> Instructions for the task: Only the lines from the one containing "BICO Group AB" to the end of the listing below should be returned, exactly as written and without pictures.

> Data listing:

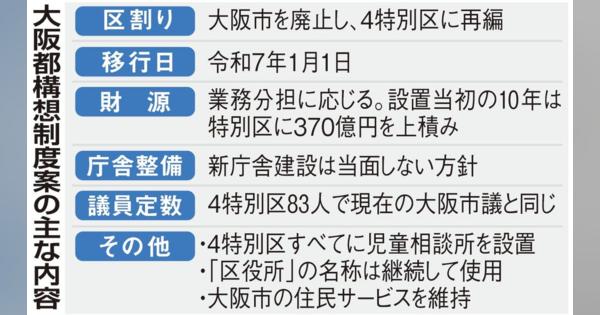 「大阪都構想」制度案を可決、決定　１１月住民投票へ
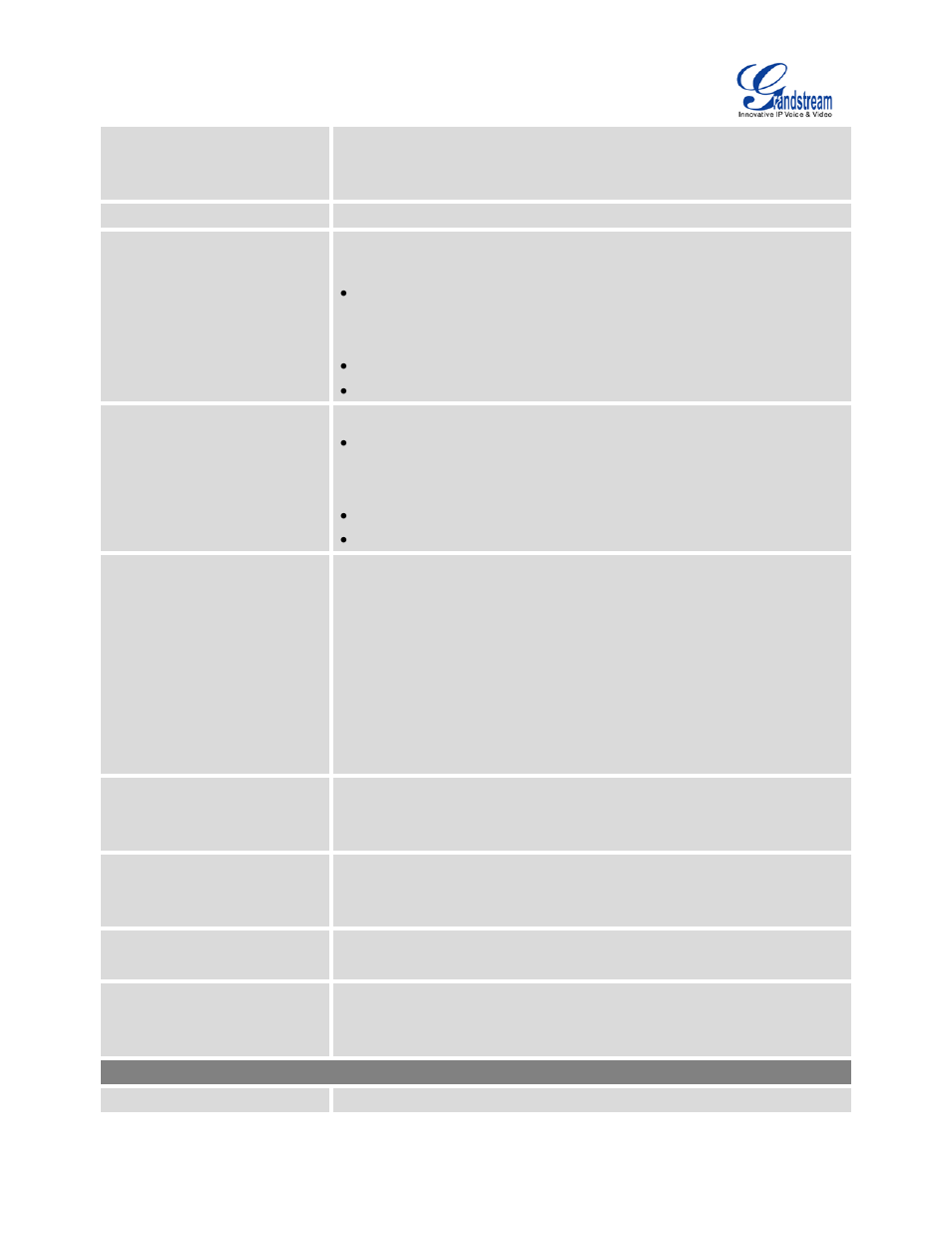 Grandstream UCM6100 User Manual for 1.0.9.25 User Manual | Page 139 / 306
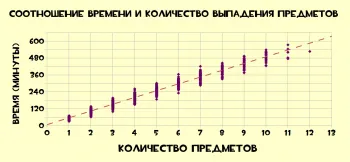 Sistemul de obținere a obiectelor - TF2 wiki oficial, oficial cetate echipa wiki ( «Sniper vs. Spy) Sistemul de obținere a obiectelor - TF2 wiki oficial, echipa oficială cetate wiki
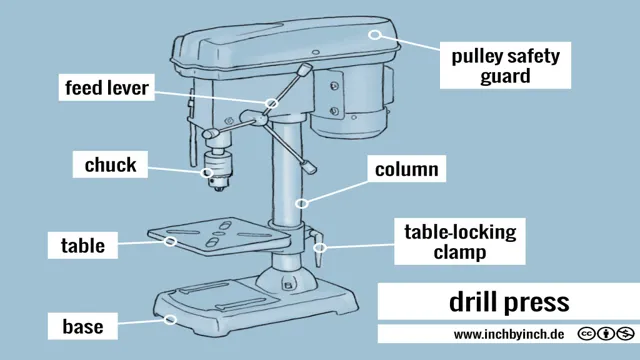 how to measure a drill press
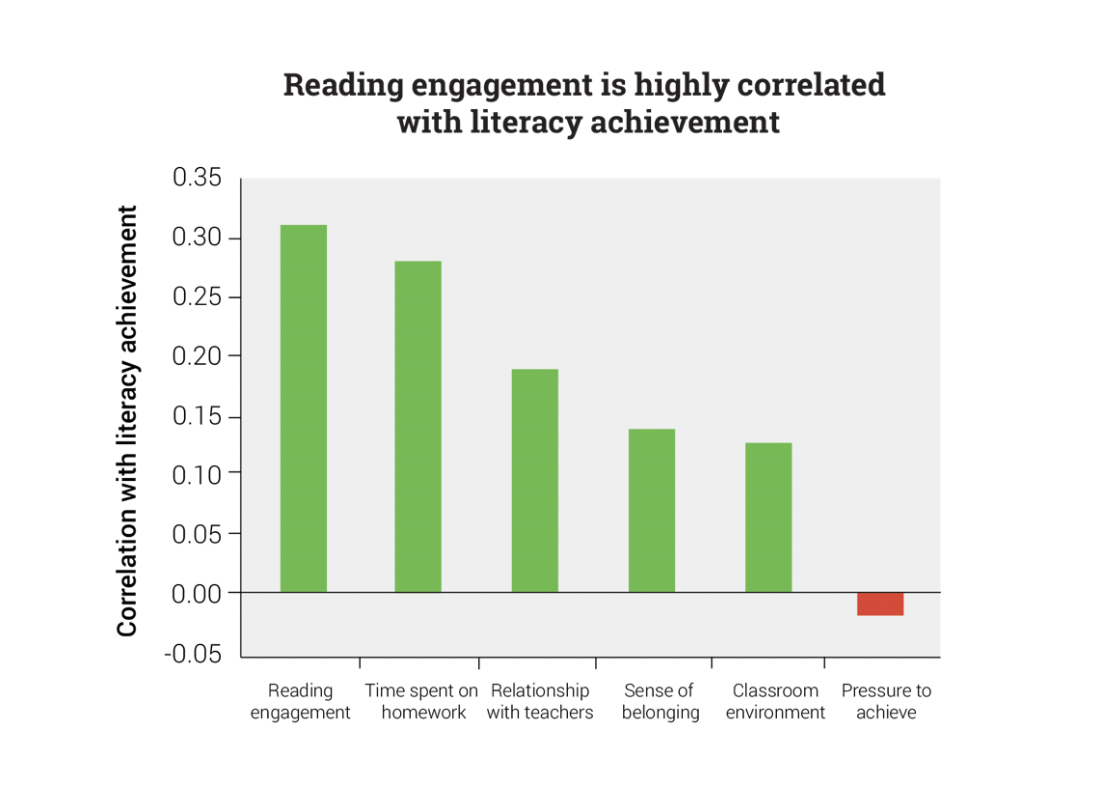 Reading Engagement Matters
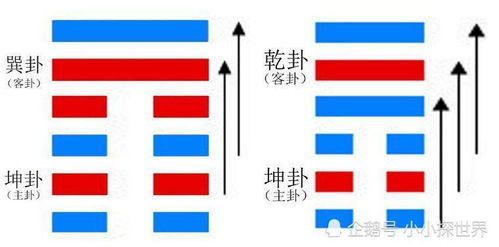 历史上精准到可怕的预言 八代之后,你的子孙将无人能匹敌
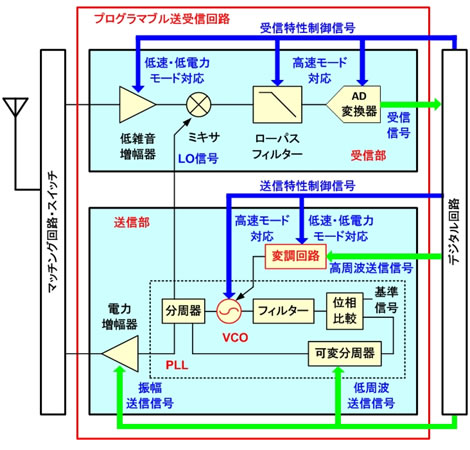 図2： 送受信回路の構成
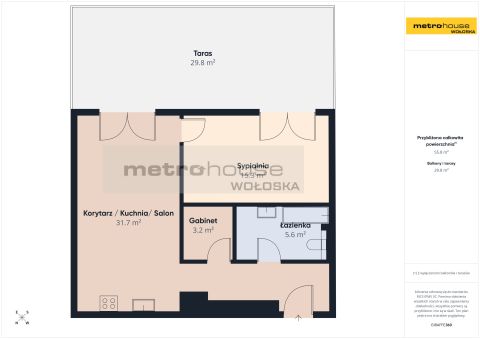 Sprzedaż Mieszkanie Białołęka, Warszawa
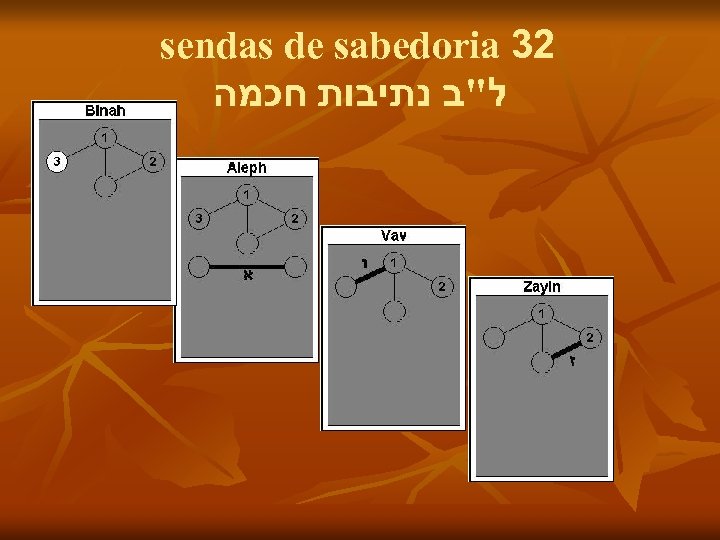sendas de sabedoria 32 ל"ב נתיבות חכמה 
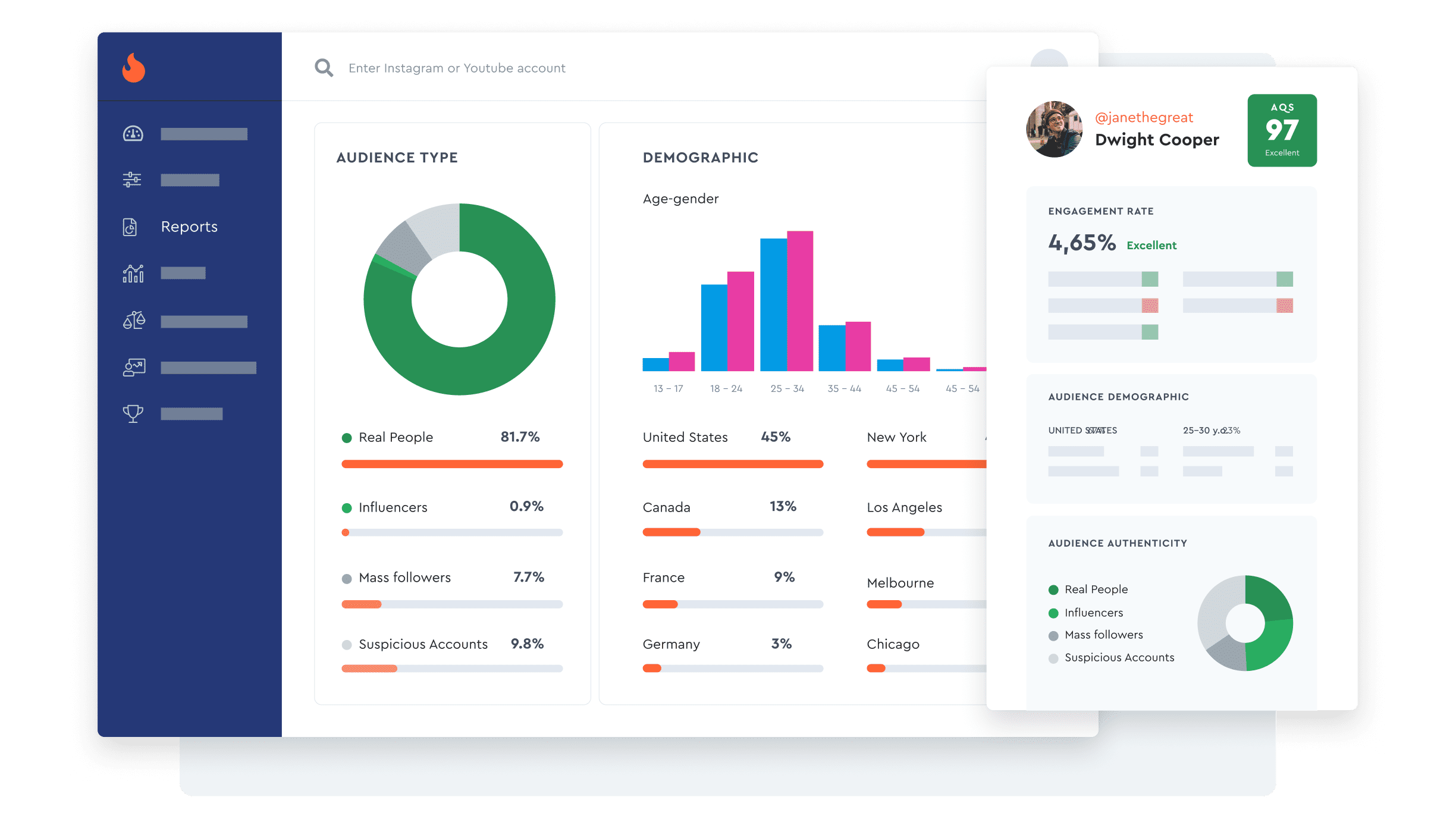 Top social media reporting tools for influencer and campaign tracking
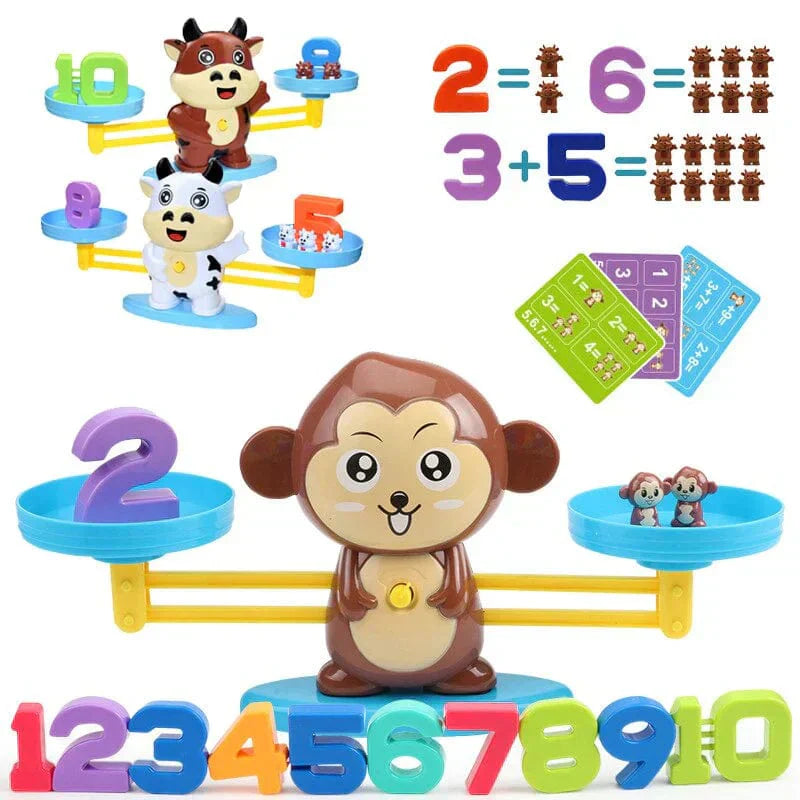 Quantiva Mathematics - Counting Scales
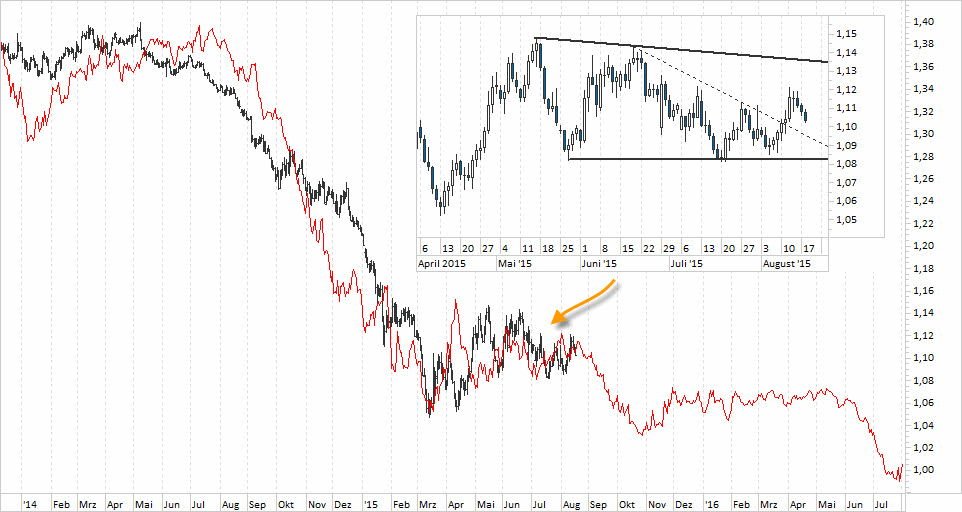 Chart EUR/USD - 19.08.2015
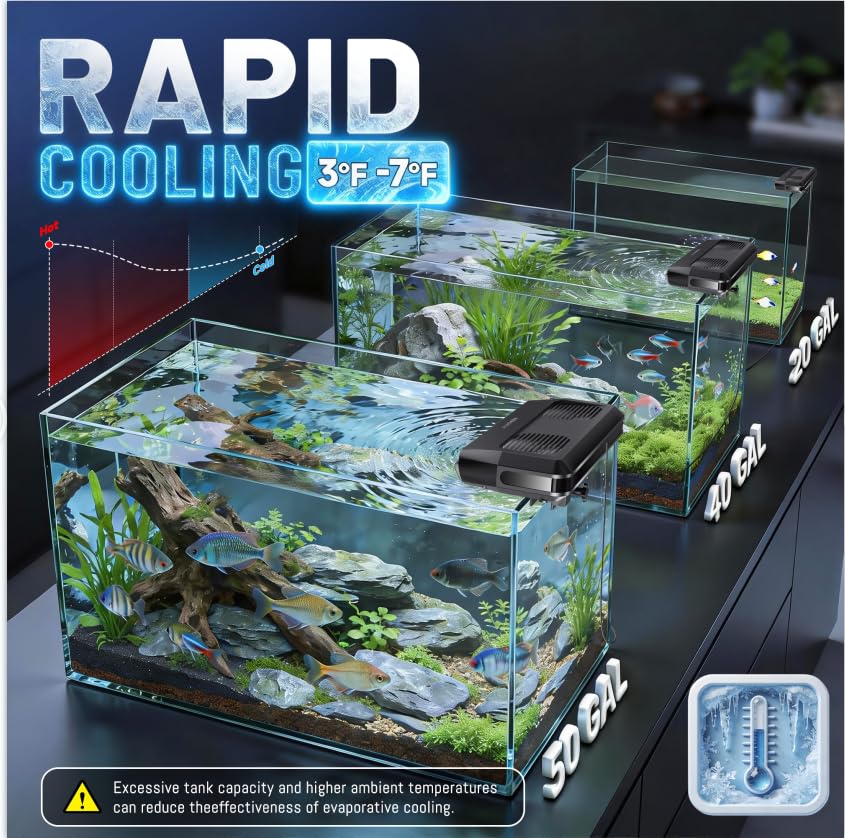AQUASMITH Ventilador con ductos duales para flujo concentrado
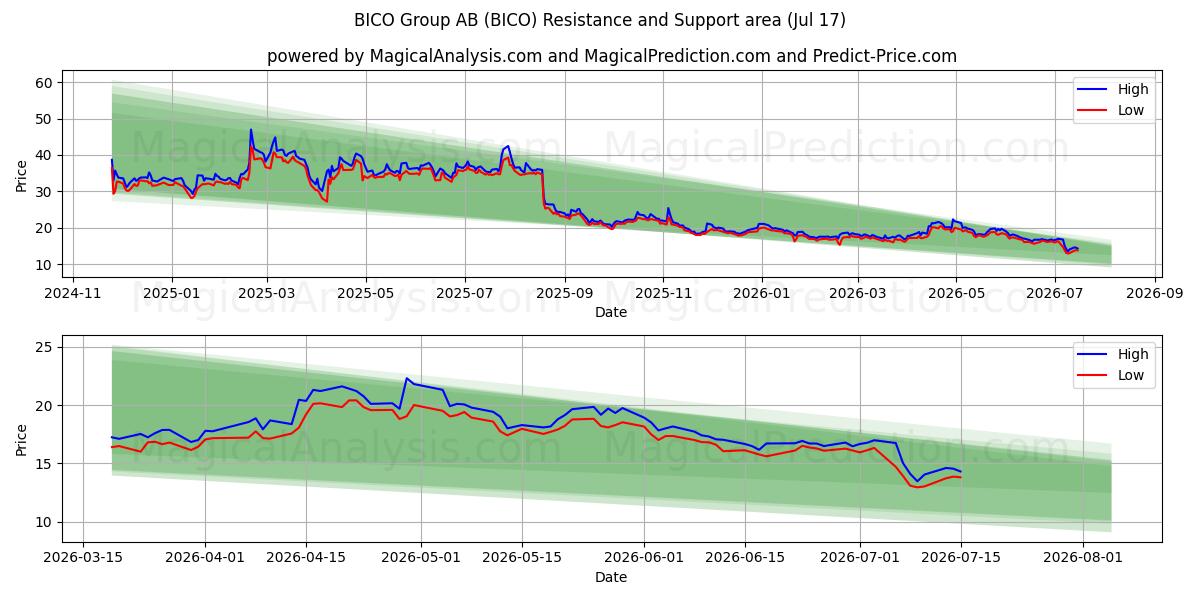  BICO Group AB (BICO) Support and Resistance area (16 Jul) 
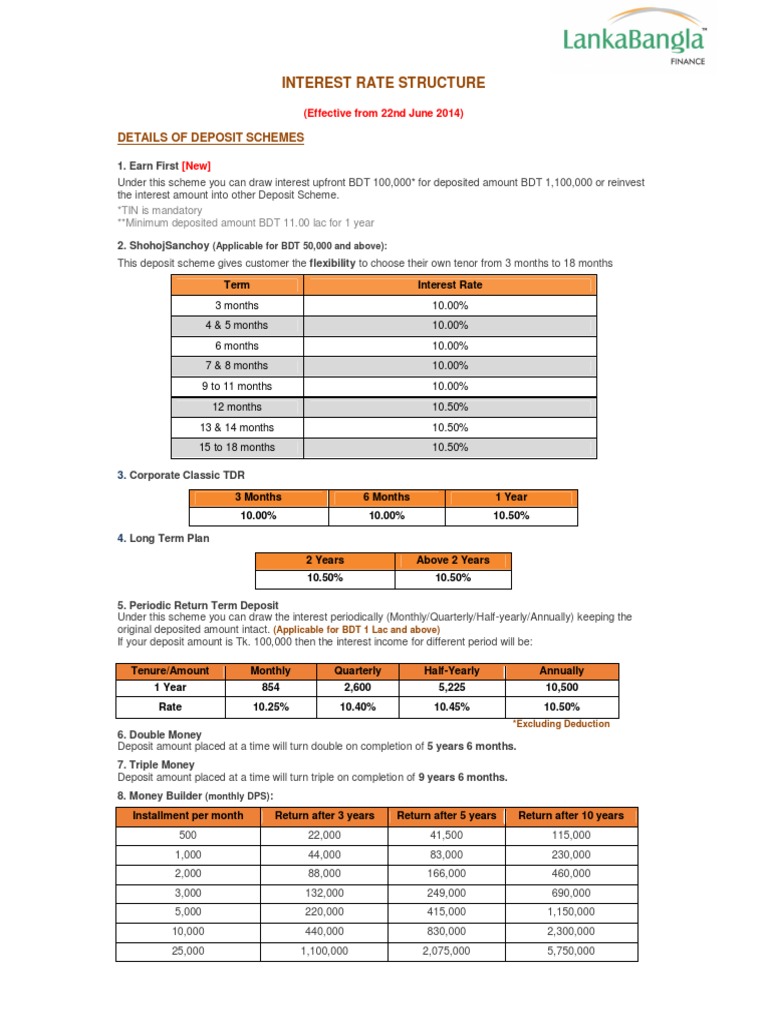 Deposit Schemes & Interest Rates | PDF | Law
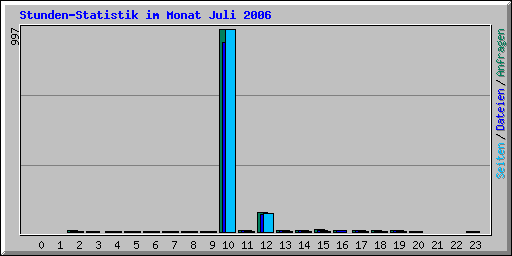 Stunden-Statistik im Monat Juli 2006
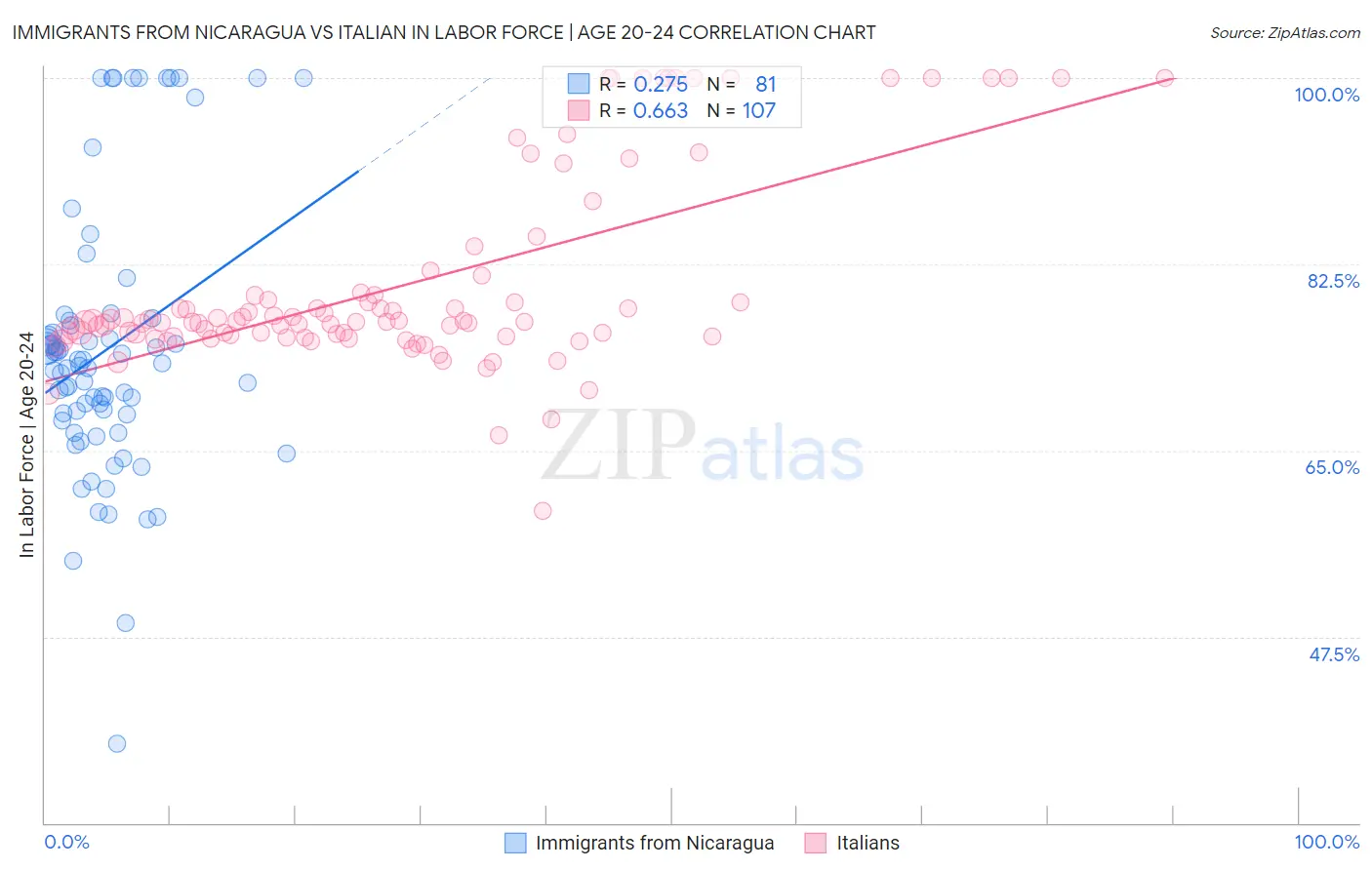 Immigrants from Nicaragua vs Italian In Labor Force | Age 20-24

> Solution to this task:
  BICO Group AB (BICO) Support and Resistance area (16 Jul) 
 Deposit Schemes & Interest Rates | PDF | Law
 Stunden-Statistik im Monat Juli 2006
 Immigrants from Nicaragua vs Italian In Labor Force | Age 20-24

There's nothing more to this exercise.